Maliha: There are trends towards immersive and experiential art but we’re not trying to be ‘cool’ or appeal to everyone. We’ve always remained true to is our identity but now, as art and society reshape in line with globalisation and digitalisation, we need to consider: how does our identity translate. How do we bridge the past and the future? How do we - as a gallery that values the human touch and fine art quality - remain accessible and relevant to a generation existing in the digital sphere? How do we present digital artworks in a way that remains authentic and meaningful to our artists and community? How do we stimulate conversations with an emerging generation and online community? These are the questions we are excited to tackle.
Maliha: We’ve already entered into the world of NFTs through a collaborative project with Palestinian mural artist Taqi Spateen. In June, 2021, Taqi took to the West Bank wall to produce a large-scale public artwork that also functions as a data-collecting NFT. The digital work acts as a register of crimes against humanity in Palestine, continuing the dialogue of the physical artwork once it has been removed.

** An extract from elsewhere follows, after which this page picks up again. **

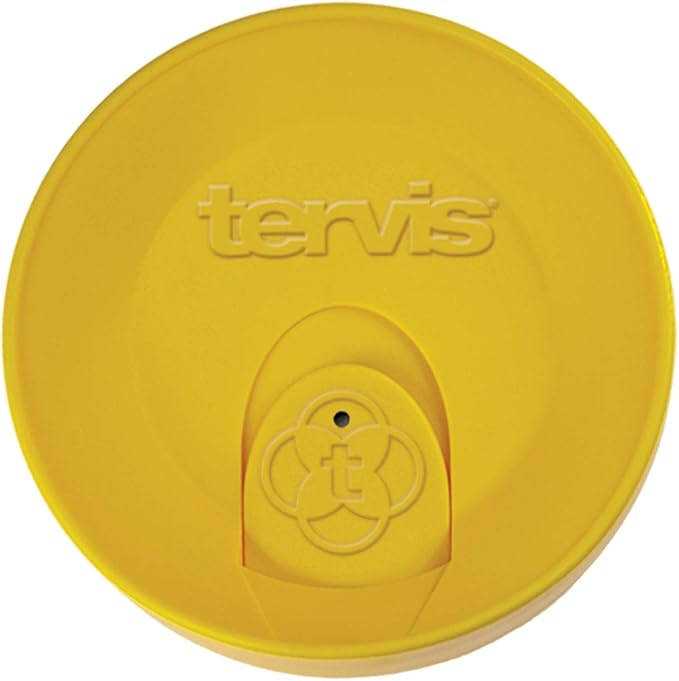 Tervis Travel Lid Made in USA Double Walled Insulated Tumbler Travel Cup Keeps Drinks Cold & Hot, Fits 16oz Tumblers, Yellow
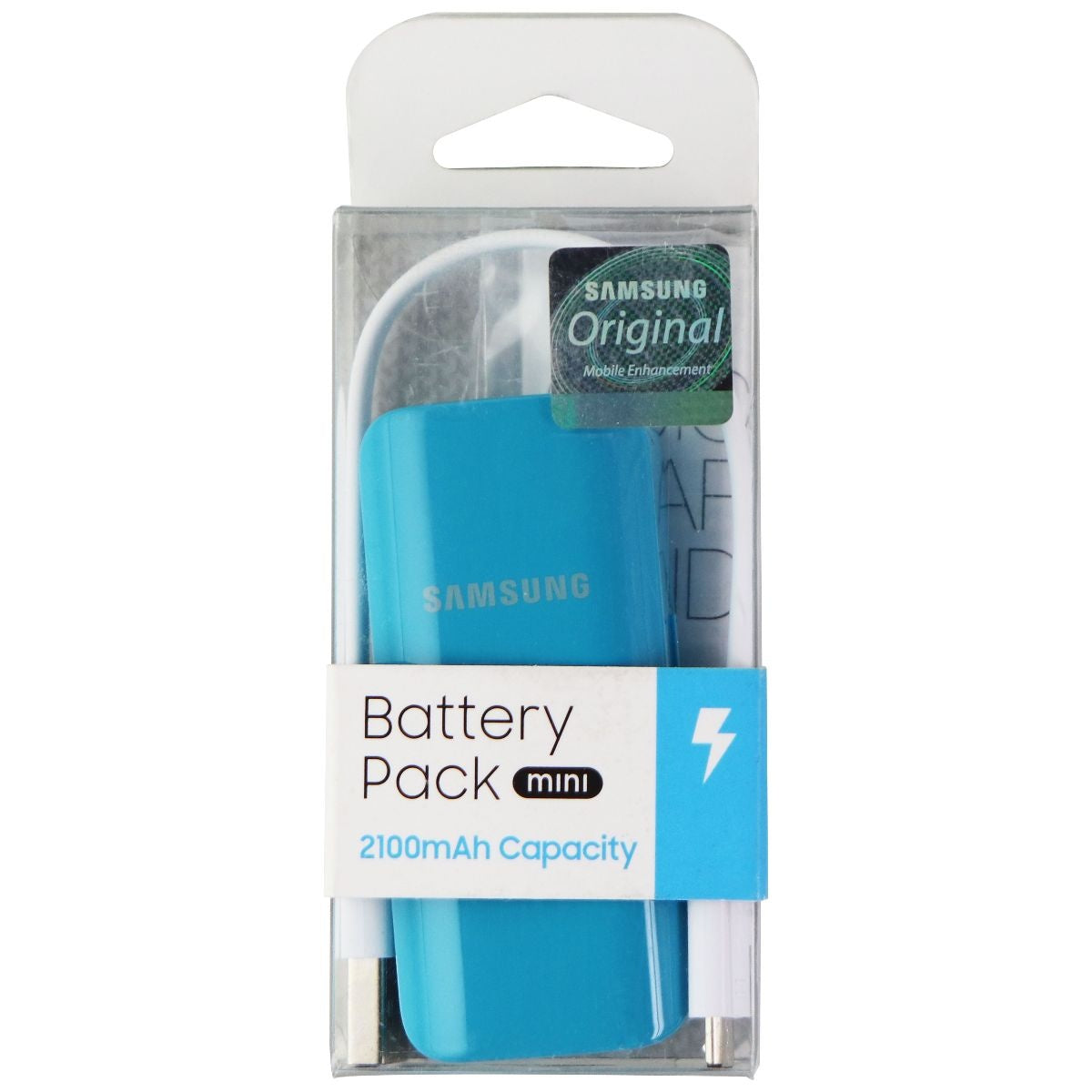 Samsung 2,100mAh Battery Pack mini Portable USB Charger - Blue (EB-PJ200BLEGUS) Cell Phone - Chargers & Cradles Samsung - Simple Cell Bulk Wholesale Pricing - USA Seller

We’re currently developing a digital programme in collaboration with Morrow Collective. This began with the recent exhibition of Survey For A Colonial Map by Hazem Harb at Foundry Downtown Dubai. The hybrid show presented both physical artworks and their NFT counterparts. Harb's remediated 19th-century map of Palestine morphs into a whirlpool to foreground questions relating to the impermanence of boundaries and the erasure of cultural narratives. This is where I see the art-technology axis come into its own, there’s potential for research-driven artworks to encounter a boundless audience and to create understanding and impact. Supporting and progressing thoughtful, socially relevant artwork will continue to inform all that we do both on and offline.